Precarious levels of government borrowing costs are being reached by rising gilt yields
Rachel Reeves, Labour's beleaguered chancellor of the exchequer, is facing yet another challenge as gilt yields are rising once more.
The cost of government borrowing increased this morning, September 3, when yields on 10-year UK government gilts climbed above 4 percent. Since 1997, the yield on 30-year gilts has increased to more than 5 per cent.
"The issue facing the UK is that the more bonds rise, the more expensive it is for the government to finance the public debt," stated Matthew Ryan, Ebury's head of market strategy.
In the Autumn Budget, Reeves might have to raise taxes in order to close the gap. Ryan claims that this could "completely derail Britain's economy" by creating "a deadly doom loop" of rising taxes, slowing growth, and growing government deficits.
Ryan continued, "We're not there yet, but everyone will be watching to see how chancellor Reeves and her team plan to move forward."
Given her self-imposed budgetary restrictions, the increase in borrowing costs could further enclose Reeves. The government appears to be in a situation where reducing spending will be very difficult, but increasing revenue runs the risk of harming economic growth or betraying Labour's election-related pledges.
Why are gilt yields increasing, and what are they?
Bonds, or debt, issued by the British government are known as gilts. Their income is stated as a percentage of the bond's purchase price, just like that of all bonds. This is known as the yield.
Since the income they pay is fixed in nominal terms, prices and yields move in opposite directions. Therefore, an increase in gilt yields indicates a decline in the value of UK government bonds. This raises the cost of borrowing for the government.
"The confidence of bond markets in the UK government is reflected in gilt yields," stated Emma Moriarty, portfolio manager at CG Asset Management. Even though Trump's tariff policy has contributed to the global economy's decline, "the reality is that the government came out of the last budget round with wafer thin fiscal headroom."
According to Ryan from Ebury, "Bond vigilantes seem to be especially critical of what may be perceived as fiscal mismanagement from the government." "More tax increases are almost a given in the fall due to the enormous gap between income and spending.
The rise in gilt yields is due to other factors. Senior portfolio manager Fred Repton of Neuberger's global fixed income team points out that, after the extended Labor Day weekend, US investors' summer vacation season ended on September 2.

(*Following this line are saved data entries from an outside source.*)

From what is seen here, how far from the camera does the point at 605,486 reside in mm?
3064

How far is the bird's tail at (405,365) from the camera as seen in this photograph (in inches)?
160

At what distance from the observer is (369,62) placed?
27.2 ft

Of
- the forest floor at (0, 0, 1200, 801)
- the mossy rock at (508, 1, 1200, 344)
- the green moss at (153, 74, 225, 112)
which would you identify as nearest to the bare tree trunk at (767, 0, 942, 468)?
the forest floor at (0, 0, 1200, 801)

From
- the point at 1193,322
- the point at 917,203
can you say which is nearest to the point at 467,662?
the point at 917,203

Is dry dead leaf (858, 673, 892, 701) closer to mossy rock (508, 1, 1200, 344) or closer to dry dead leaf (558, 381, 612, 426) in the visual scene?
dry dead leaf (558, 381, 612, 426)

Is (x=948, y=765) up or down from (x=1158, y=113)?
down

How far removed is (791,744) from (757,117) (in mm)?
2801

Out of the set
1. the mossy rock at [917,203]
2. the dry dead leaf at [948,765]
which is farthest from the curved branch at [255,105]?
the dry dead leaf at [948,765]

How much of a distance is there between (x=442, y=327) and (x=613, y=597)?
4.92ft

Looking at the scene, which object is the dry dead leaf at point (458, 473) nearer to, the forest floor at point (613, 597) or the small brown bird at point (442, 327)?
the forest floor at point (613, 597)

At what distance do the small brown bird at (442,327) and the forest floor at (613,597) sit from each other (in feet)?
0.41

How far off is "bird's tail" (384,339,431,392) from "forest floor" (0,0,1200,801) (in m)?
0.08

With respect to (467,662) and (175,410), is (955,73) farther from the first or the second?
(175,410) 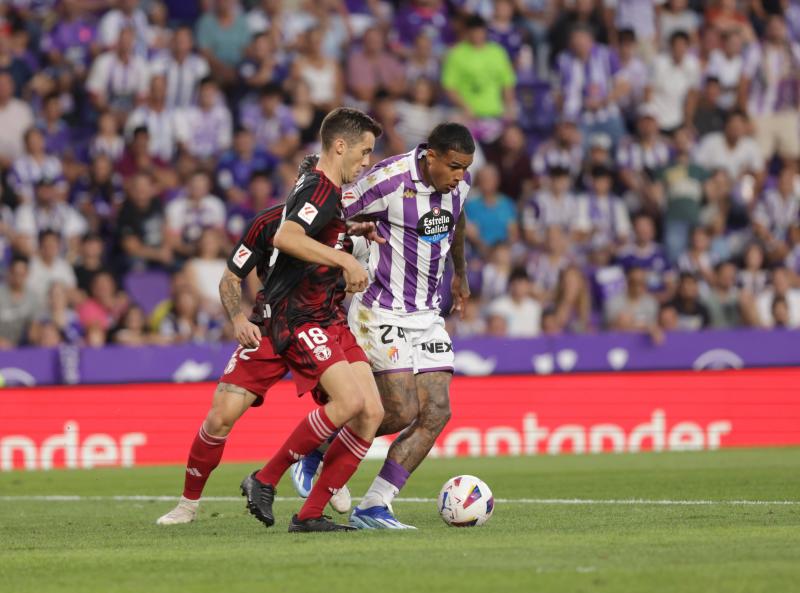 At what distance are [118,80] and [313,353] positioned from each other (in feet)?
40.1

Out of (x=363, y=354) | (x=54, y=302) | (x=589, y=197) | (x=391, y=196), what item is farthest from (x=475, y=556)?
(x=589, y=197)

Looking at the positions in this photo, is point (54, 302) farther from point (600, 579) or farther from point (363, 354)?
point (600, 579)

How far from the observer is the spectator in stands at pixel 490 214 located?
778 inches

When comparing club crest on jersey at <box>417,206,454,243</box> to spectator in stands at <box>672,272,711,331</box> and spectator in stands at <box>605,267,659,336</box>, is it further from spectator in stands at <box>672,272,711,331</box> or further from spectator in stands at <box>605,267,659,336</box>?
spectator in stands at <box>672,272,711,331</box>

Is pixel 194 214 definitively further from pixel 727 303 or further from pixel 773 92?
pixel 773 92

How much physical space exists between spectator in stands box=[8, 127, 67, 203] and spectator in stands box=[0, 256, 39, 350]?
4.65 feet

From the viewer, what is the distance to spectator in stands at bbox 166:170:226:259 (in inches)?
737

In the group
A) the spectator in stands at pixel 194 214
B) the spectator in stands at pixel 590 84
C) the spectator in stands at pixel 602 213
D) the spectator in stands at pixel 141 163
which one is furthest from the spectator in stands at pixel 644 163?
the spectator in stands at pixel 141 163

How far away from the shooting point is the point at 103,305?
58.2 feet

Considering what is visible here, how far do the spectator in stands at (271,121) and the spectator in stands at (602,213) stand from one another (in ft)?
13.1

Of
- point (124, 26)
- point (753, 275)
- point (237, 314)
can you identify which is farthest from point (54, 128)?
point (237, 314)

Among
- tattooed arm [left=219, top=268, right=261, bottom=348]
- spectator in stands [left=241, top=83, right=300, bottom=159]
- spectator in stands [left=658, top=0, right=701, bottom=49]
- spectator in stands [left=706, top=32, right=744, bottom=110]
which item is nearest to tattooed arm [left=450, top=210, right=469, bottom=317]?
tattooed arm [left=219, top=268, right=261, bottom=348]

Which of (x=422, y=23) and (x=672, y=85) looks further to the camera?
(x=672, y=85)

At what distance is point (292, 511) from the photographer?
1049 cm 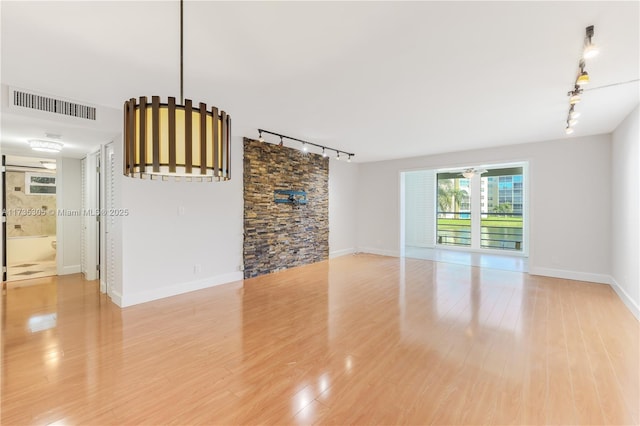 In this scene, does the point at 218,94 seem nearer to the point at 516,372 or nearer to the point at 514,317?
the point at 516,372

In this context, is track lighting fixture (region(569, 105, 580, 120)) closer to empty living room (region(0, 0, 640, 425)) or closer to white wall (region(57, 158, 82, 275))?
empty living room (region(0, 0, 640, 425))

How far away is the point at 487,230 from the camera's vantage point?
8781mm

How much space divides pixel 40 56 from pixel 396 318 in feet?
14.3

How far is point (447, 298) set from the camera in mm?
4309

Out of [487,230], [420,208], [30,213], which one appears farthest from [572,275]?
[30,213]

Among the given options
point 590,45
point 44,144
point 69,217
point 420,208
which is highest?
point 590,45

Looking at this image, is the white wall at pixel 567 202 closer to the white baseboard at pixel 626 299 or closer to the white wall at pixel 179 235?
the white baseboard at pixel 626 299

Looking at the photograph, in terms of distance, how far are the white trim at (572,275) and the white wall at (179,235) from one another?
591cm

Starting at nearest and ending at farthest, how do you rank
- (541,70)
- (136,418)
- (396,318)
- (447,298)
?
1. (136,418)
2. (541,70)
3. (396,318)
4. (447,298)

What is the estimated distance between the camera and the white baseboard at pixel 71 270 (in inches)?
229

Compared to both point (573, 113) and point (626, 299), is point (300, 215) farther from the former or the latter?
point (626, 299)

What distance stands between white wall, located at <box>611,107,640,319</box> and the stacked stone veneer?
533 cm

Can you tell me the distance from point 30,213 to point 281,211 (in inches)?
300

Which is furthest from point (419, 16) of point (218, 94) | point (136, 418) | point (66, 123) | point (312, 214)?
point (312, 214) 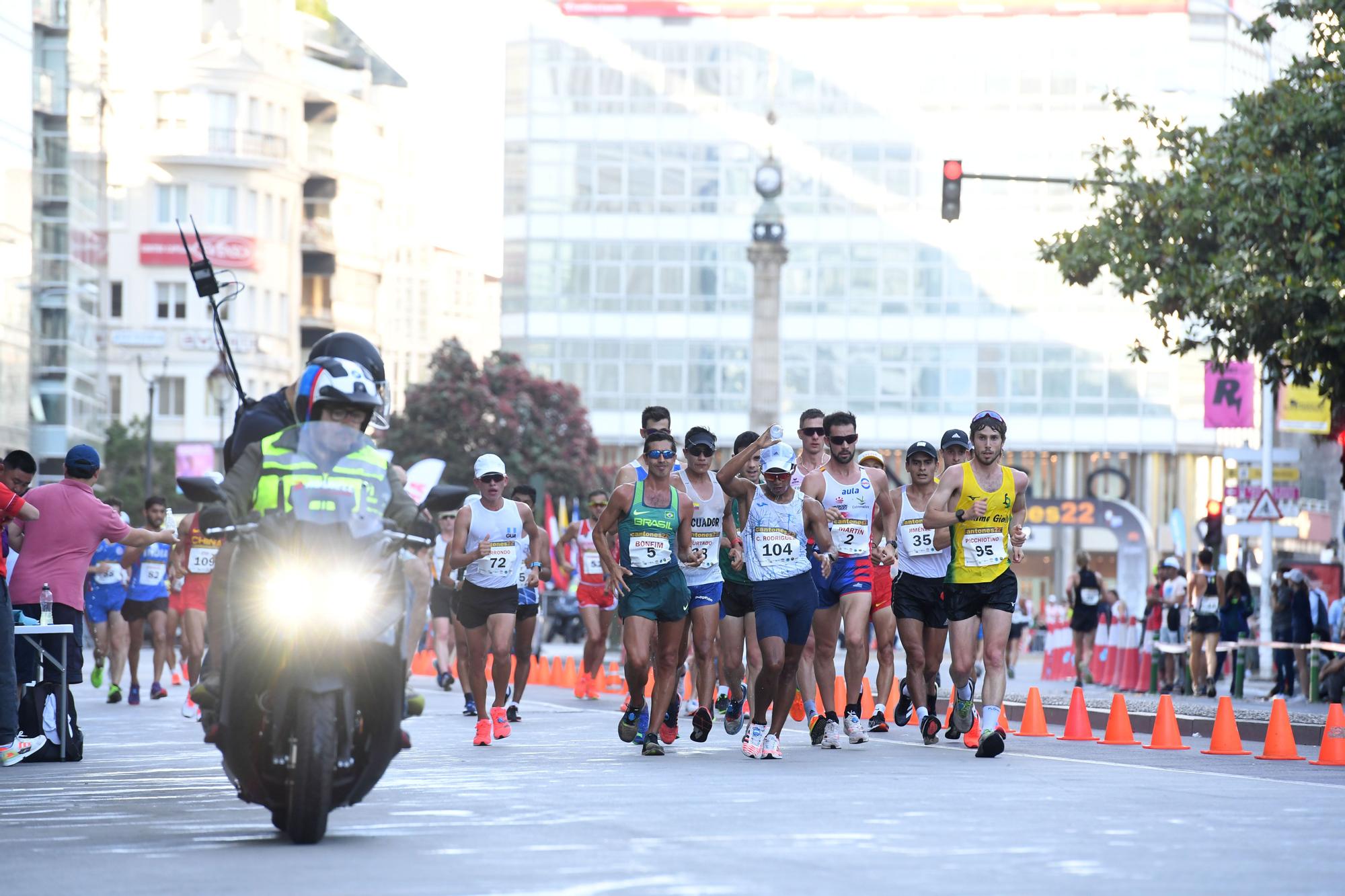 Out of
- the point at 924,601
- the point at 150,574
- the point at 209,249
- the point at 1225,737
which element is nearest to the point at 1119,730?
the point at 1225,737

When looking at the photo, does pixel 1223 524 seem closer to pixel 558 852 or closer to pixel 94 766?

Bond market participants may have been a little taken aback by the significant increase in new issuance, according to Repton. As a matter of fact, yesterday was the biggest issuance day in European history. Although prices have obviously been impacted by this supply spike, Repton advises that "one should not draw too many conclusions from one extremely active day for issuance."

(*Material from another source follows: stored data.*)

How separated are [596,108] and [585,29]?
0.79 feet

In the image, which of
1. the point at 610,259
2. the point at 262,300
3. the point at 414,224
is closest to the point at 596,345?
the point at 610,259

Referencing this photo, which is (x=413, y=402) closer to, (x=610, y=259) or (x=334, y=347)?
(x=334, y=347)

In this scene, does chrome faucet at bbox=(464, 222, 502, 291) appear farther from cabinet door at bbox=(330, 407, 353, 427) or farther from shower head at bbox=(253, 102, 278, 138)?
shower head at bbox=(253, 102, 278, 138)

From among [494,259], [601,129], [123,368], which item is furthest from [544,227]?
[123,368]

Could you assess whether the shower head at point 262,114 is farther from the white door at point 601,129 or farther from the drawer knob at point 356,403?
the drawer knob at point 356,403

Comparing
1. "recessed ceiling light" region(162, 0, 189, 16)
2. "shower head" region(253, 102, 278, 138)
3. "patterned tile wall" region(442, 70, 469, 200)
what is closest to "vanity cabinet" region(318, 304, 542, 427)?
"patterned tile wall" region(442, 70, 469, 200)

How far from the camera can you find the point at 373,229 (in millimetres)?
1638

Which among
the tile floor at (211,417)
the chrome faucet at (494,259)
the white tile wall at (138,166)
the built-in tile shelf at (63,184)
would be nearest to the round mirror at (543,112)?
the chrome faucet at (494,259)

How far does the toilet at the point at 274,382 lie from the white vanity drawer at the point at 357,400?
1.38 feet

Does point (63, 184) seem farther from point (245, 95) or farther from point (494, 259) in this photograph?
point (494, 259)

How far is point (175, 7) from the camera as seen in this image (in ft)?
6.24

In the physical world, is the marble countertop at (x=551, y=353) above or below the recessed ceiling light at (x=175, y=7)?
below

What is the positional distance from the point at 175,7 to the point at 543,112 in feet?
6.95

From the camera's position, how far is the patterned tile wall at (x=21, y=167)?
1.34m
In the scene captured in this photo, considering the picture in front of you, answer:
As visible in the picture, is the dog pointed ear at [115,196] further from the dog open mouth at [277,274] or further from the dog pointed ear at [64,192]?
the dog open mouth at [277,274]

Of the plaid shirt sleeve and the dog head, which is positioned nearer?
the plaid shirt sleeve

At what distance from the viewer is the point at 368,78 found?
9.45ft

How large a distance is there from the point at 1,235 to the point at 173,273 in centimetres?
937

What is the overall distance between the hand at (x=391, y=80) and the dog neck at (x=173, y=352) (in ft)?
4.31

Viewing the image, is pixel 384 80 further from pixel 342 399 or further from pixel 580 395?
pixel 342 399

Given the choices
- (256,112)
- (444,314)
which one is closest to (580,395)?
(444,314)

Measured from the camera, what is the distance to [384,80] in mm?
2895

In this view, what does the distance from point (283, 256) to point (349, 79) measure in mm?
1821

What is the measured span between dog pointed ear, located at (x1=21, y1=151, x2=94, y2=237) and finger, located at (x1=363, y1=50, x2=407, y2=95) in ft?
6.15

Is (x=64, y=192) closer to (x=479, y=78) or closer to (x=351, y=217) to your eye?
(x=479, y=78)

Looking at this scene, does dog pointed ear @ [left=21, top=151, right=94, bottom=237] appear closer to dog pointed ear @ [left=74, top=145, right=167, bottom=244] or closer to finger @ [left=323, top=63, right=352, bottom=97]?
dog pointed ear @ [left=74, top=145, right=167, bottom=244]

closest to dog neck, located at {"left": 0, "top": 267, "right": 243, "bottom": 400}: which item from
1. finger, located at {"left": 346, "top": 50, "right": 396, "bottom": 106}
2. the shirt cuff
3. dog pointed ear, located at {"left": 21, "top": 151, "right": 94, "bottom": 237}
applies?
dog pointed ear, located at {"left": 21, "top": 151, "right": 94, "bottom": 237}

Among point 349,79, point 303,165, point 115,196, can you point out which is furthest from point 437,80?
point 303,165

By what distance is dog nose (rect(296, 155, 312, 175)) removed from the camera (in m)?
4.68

The Autumn Budget is due when?
Reeves declared this morning that on November 26, the 2025 Autumn Budget will be unveiled.
In a video announcing the date, Reeves stated, "We must keep a tight grip on day-to-day spending through our non-negotiable fiscal rules in order to bring inflation and borrowing costs down."

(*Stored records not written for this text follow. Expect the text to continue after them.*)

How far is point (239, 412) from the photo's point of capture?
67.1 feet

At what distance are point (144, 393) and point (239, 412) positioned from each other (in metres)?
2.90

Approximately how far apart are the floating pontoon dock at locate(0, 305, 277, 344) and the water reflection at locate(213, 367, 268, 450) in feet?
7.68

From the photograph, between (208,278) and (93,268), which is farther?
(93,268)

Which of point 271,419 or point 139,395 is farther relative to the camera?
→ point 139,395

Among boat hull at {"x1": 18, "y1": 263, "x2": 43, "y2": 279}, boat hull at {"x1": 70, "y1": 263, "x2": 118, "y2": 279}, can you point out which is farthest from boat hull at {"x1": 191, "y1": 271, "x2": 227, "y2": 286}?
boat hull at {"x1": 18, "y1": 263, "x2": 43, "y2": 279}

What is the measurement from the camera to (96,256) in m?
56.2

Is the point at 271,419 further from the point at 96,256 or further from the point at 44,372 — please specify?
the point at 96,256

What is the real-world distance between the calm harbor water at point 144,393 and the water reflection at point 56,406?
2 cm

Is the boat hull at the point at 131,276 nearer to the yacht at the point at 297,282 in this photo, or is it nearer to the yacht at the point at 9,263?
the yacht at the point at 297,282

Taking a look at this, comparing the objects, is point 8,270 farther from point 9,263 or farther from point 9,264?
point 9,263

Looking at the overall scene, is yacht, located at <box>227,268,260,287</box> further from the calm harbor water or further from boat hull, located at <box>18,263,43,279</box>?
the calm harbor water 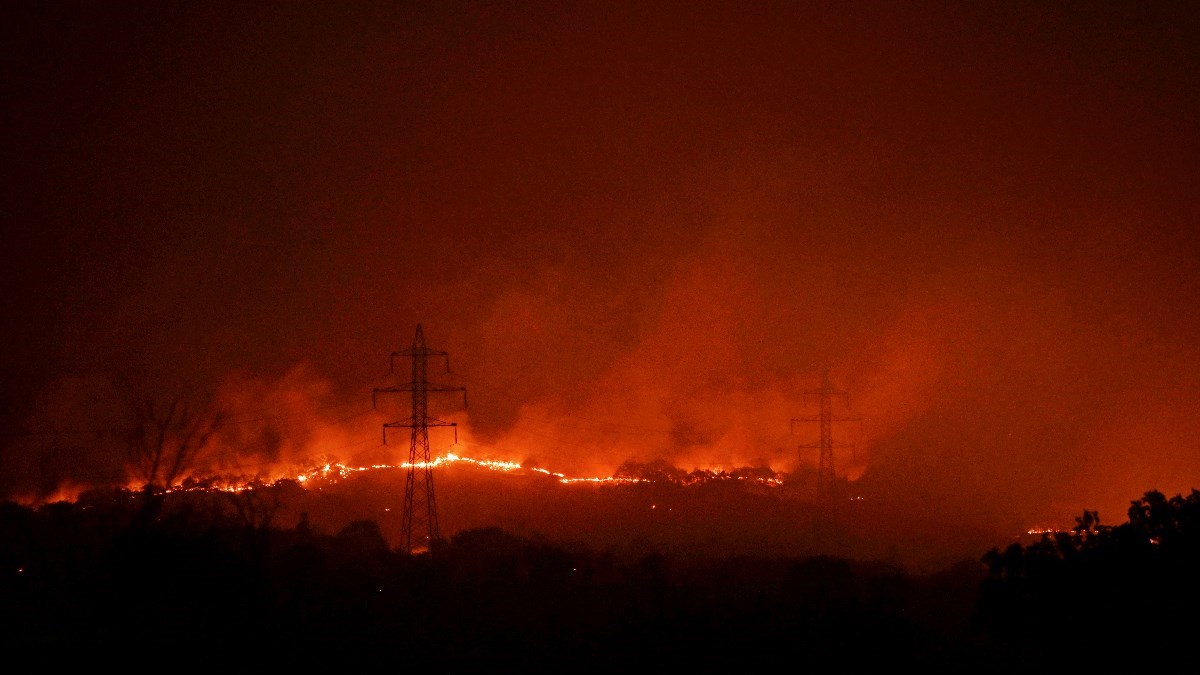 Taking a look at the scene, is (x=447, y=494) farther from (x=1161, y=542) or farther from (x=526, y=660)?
(x=1161, y=542)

The government's pledge to finance daily expenses solely from revenue and to borrow only for investments by 2029/30 is the main directive contained in these fiscal regulations.
This is made more difficult by rising gilt yields, which raise the costs of servicing the government's existing debt. Higher borrowing costs will raise the cost of servicing the government's implicit need to continue borrowing to fund ongoing expenditures until the end of the target period.
In the absence of a sudden spike in the UK GDP, Reeves will have to reduce spending or increase tax revenue in the Autumn Budget. Both strategies will be politically delicate.
"There is still no effective majority for cutting expenditure, despite the worsening fiscal situation," Moriarty said, referring to the very public U-turn on proposed cuts to welfare spending. However, Labour basically ruled out any changes to income tax, employees' national insurance, or VAT when it pledged during last year's election campaign not to increase taxes on "working people."
Raising taxes in a way that doesn't negatively impact working people has been the main focus of proposals to strengthen the fiscal position, according to Moriarty. Proposals like a wealth tax, for instance, are feared to discourage economic activity due to their unclear effect on revenue.
What impact do growing gilt yields have on your finances?
Both the UK government and the governments of the majority of developed countries are thought to be among the most trustworthy borrowers in the world. The Bank of England would probably step in to stop a default from ever happening, but this would have its own issues because it would raise inflation. The UK has never defaulted on its debt and is argued to never will.
Other bonds are typically priced in relation to gilts since gilt yields are regarded as the gold standard in the bond market.
For instance, gilt yields and mortgage rates are frequently related. The yields on 30-year gilts, which are the highest since the year 2000, are usually linked to long-duration mortgages.